Introduction
The use of caffeine-rich food dates back to at least 350 A.D, when the cultivation of tea started in China. Not only tea, but the consumption of coffee also dates back to about the middle of the 17th century. Since then, there has been no looking back, and consumption of both tea and coffee has increased by leaps and bounds. The importance of tea and coffee can be gauged by the fact many people cannot even think of starting mornings without a cup of tea or coffee.
What Causes Tea or Coffee Addiction?
Different types of tea contain various amounts of caffeine. It is a natural stimulant and has potentially addictive properties. Caffeine has a chemical structure similar to that of adenosine, which is found in the body and helps to relax the central nervous system.

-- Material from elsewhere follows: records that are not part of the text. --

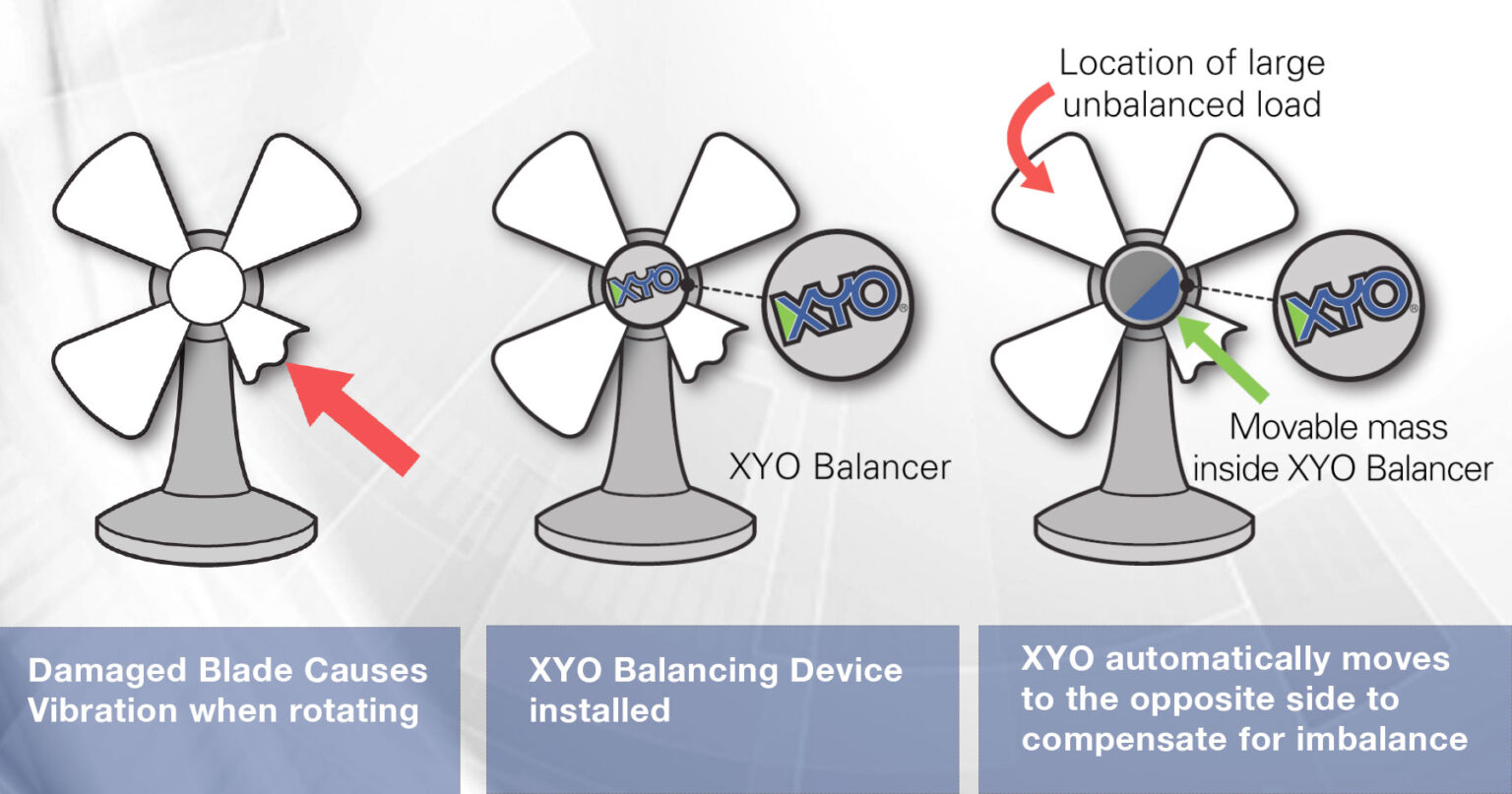 XYO technology
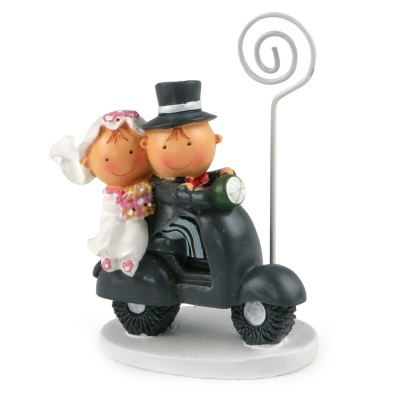 Suportes e Identificadores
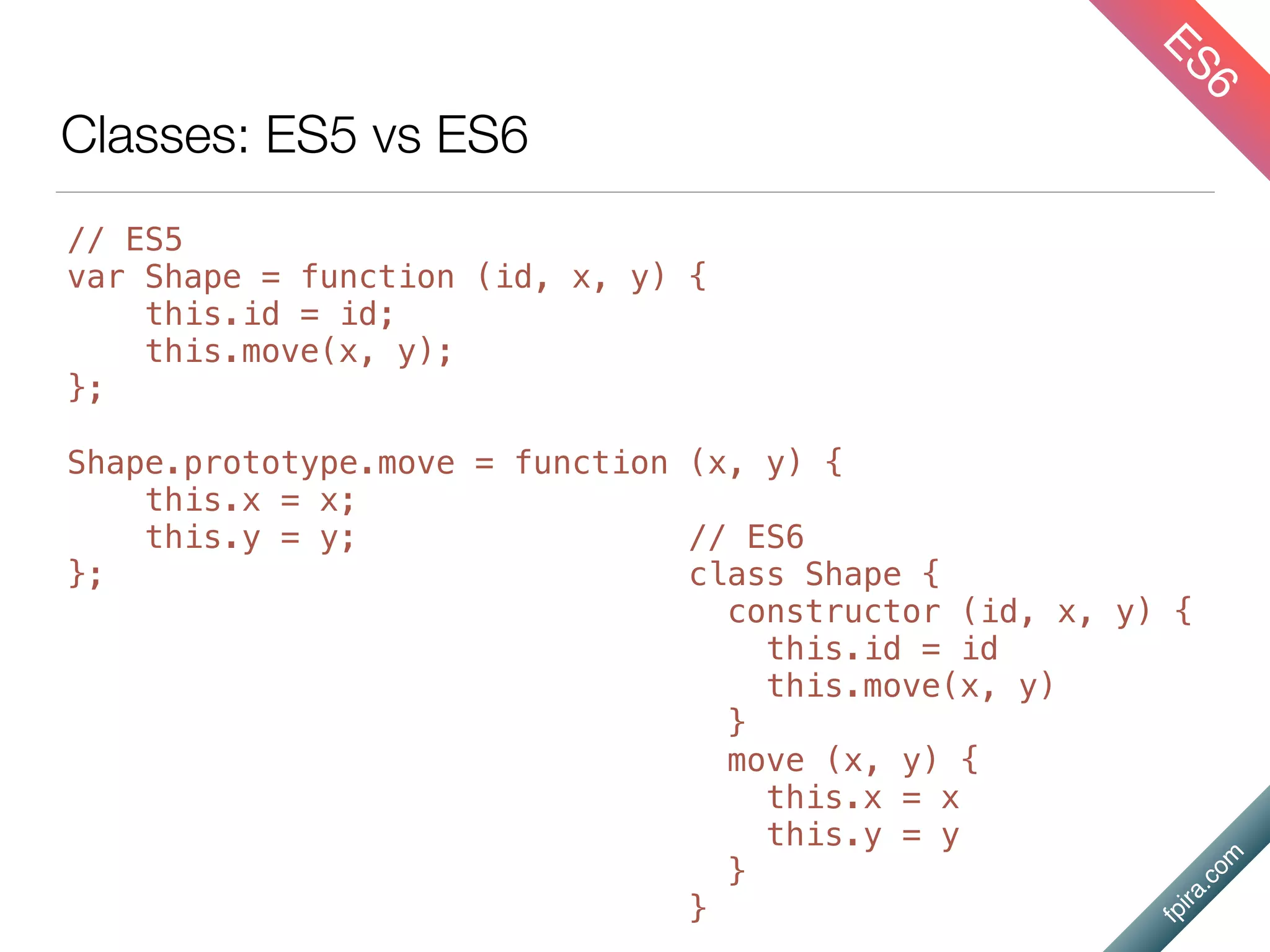 fpira.com
Classes: ES5 vs ES6
// ES6
class Shape {
constructor (id, x, y) {
this.id = id
this.move(x, y)
}
move (x, y) {
this.x = x
this.y = y
}
}
// ES5
var Shape = function (id, x, y) {
this.id = id;
this.move(x, y);
};
Shape.prototype.move = function (x, y) {
this.x = x;
this.y = y;
};
ES6
 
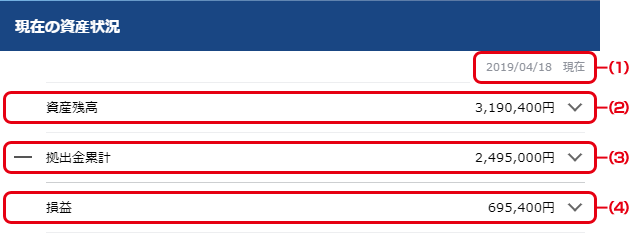 現在の資産状況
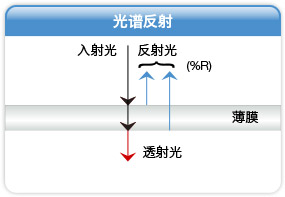 反射光譜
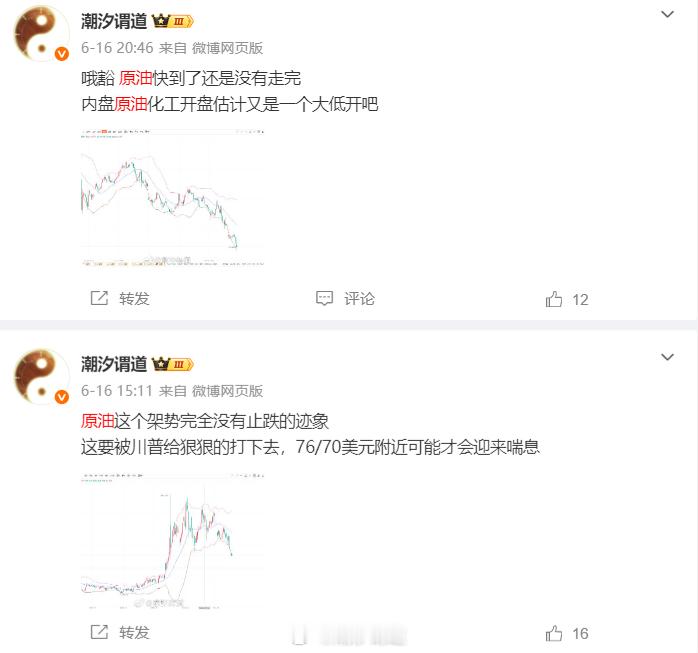 原油如果说跌破这个支撑那可能要去68-65美元暂时千万不要期待一下就止跌了从日K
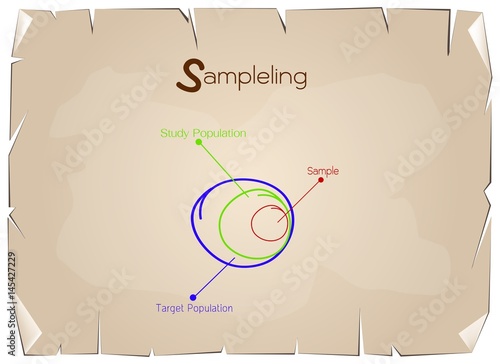 Research Process Sampling from A Target Population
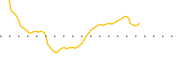 chart-IVAL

Due to the similarity in the structure, the caffeine binds to the adenosine receptors in the brain and blocks the adenosine from binding. Thus, the lack of adenosine bindings tells the body that it is tired. This, in turn, can largely release other natural stimulants like dopamine. The release of other stimulants suppresses tiredness and makes a person alert. In people regularly taking caffeine-containing beverages, the brain cells make more adenosine receptors to compensate for the ones blocked by the caffeine. The effect is that an individual needs more caffeine to experience the same effect from caffeine. This results in addiction and needs a regular dose of caffeine. Sudden stoppage of caffeine will be difficult and cause withdrawal symptoms.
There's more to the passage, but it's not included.